Reputation: 2221
I want to remove duplicates from a large table having about 1million rows and increasing every hour. It has no unique id and has about ~575 columns but sparsely filled.
The table is 'like' a log table where new entries are appended every hour without unique timestamp.
The duplicates are like 1-3% but I want to remove it anyway ;) Any ideas?
I tried ctid column (as here) but its very slow.
Upvotes: 4
Views: 4221
Reputation: 61606
The basic idea that works generally well with PostgreSQL is to create an index on the hash of the set of columns as a whole.
Example:
CREATE INDEX index_name ON tablename (md5((tablename.*)::text));
This will work unless there are columns that don't play well with the requirement of immutability (mostly timestamp with time zone
because their cast-to-text value is session-dependent).

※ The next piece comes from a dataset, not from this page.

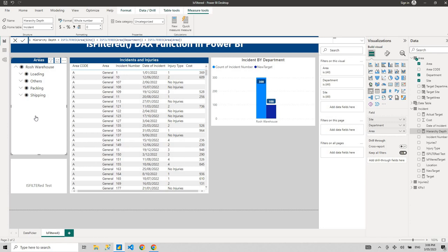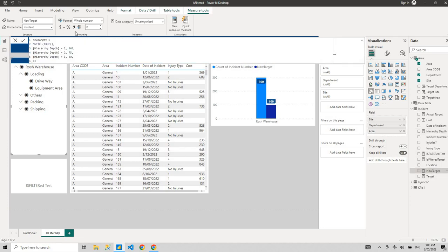When you're stuck with a hierarchical dataset you will always find ISFILTERED very useful. What I do most of the time is use ISFILTERED together with another function called SELECTEDVALUE. I use SELECTEDVALUE a lot because of various requirements, so let me show you now rather than creating a separate video.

Once this index is created, duplicates can be found quickly by self-joining with the hash, with a query looking like this:
SELECT t1.ctid, t2.ctid
FROM tablename t1 JOIN tablename t2
ON (md5((t1.*)::text) = md5((t2.*)::text))
WHERE t1.ctid > t2.ctid;
You may also use this index to avoid duplicates rows in the future rather than periodically de-duplicating them, by making it UNIQUE (duplicate rows would be rejected at INSERT or UPDATE time).
Upvotes: 4